For each iteration, using the embedding dimension DimI, and
re-constructing the phase space with a lag of tauI, the
distance, correlation dimension, log(distance) and log(cd) are
computed and stored.
The regression coefficients for log(distance)[x] & log(cd)[y] is
computed for all of the points in the iteration as well as
groups of 3 points at a time.
NOTE: the accompanying wingz scripts comptue the correlation
dimension for a range of embedding dimensions. This routine
computes it for only a single embedding dimension.
*/
int CorrDimI( rFP, crFP, logrFP, logcrFP, regFP,
xFP, nI, DimI, tauI, dtD, RD, NIterI )
float *rFP; /* (r) distance */
float *crFP; /* (r) correlation dimension */
float *logrFP; /* (r) log (distance) */
float *logcrFP; /* (r) log (correlation dimension) */
float *regFP; /* (r) regression of x=log(dist) vs y=log(cd) */
register float *xFP; /* (i) input vector */
int nI; /* (i) length of input vector */
int DimI; /* (i) embedding dimension */
int tauI; /* (i) time lag for re-constructing phase space */
double dtD; /* (i) change in distance each iteration */
double RD; /* (i) initial distance */
int NIterI; /* (i) number of iterations to make */
{
int i,j,k; /* work indicies */
int itI, ktI; /* derived work indicies */
int nptI; /* # of points */
int StopI; /* flag to stop iterating */
double D; /* distance */
double RRD; /* current distance squared */
double CRD; /* correlation dimension */
long ThetaL; /* count of "hits" */
int rcI=0; /* return code */
int wxI; /* work index */
double vD; /* work value */
/* NOTE: the following computations are based on Equation (12.2)

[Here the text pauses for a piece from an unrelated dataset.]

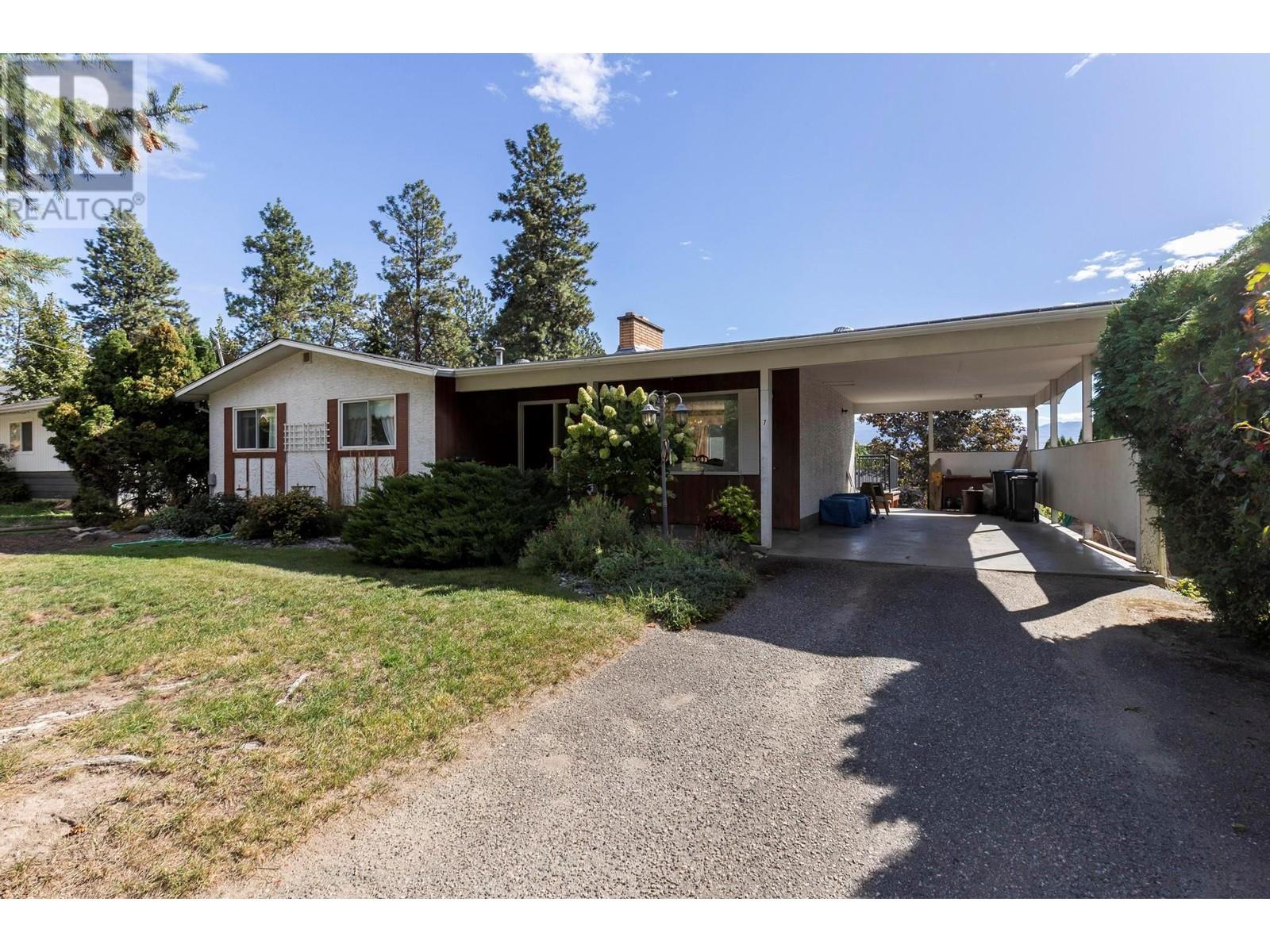 7 Caramillo Road Kelowna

* in "Chos & Order in the Capital Markets"..
*/
nptI = nI - DimI * tauI; /* max points in embedding dimension */
for( StopI = 0; StopI < NIterI; StopI++ ) {
ThetaL = 0; /* # of phase-space points in radius RD */
RRD = RD * RD; /* square of current distance */
/* NOTE: use this rather than computing the square-root:
* if a > b -> a*a > b*b where a>0 && b>0.
*/
for( k = 0; k < nptI; k++ ) {
/* NOTE: take advantage of the fact that we are computing
* the square of the difference between ZFP[j,k] & ZFP[j,i].

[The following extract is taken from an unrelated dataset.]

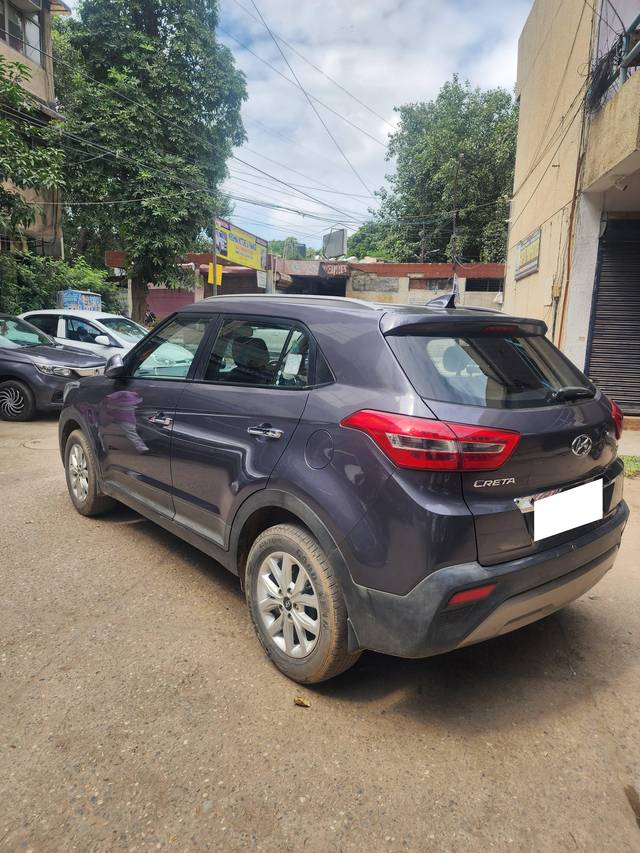 https://images10.gaadi.com/usedcar_image/4147204/original/processed_1ca5862faabafec9570e36d498bed77a.jpg?imwidth=6402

* We need only compute the upper part of a triangular matrix
* and multiply ThetaL by 2 at the end.
*/
for( i = k+1; i < nptI; i++ ) {
D = 0.; /* distance */
itI = i; /* work surrogate for i */
ktI = k; /* work surrogate for k */
for( j = 0; j < DimI; j++ ) {
/* ZFP[j,i] = xFP[j*tauI + i] */
/* ZFP[j,k] = xFP[j*tauI + k] */
/* vD = ZFP[j,k] - ZFP[j,i]; */
vD = xFP[ktI] - xFP[itI]; /* distance */
D += vD * vD; /* squared distance */
itI += tauI; /* update phase dimension */
ktI += tauI;
}
if ( D < RRD ) ThetaL++; /* within the radius */
}
}
vD = ((double)nptI-1.) * ((double)nptI); /* adjust for i <> k */
CRD = 2.*((double)ThetaL) / vD; /* correlation dimension */
/* NOTE: factor of 2 to compensate for only computing upper
* triangular part of the matrix
*/
rFP[StopI] = RD; /* current distance */
crFP[StopI] = CRD; /* current correlation dimension */
logrFP[StopI] = RD>EMIN? log(RD):0.; /* log(distance) */
logcrFP[StopI] = CRD>EMIN? log(CRD):0.; /* log(cd) */
RD += dtD; /* increment the distance */
}
/* --- Compute the slope --- */
RegressI( &D, &vD, &logrFP[0], &logcrFP[0], StopI );
regFP[0] = D;
for( StopI = 1; StopI < NIterI-1; StopI++ ) {
RegressI( &D, &vD, &logrFP[StopI-1], &logcrFP[StopI-1], 3 );
regFP[StopI] = D;
}
regFP[StopI] = 0.; /* make things clean */
Done:
return( rcI );
}
/************************************************************************
* *
* CorrDim2I() - Alternate Computation of Correlation Dimension *
* *
************************************************************************
NOTE: Each of the return vectors MUST be of length NIterI or greater.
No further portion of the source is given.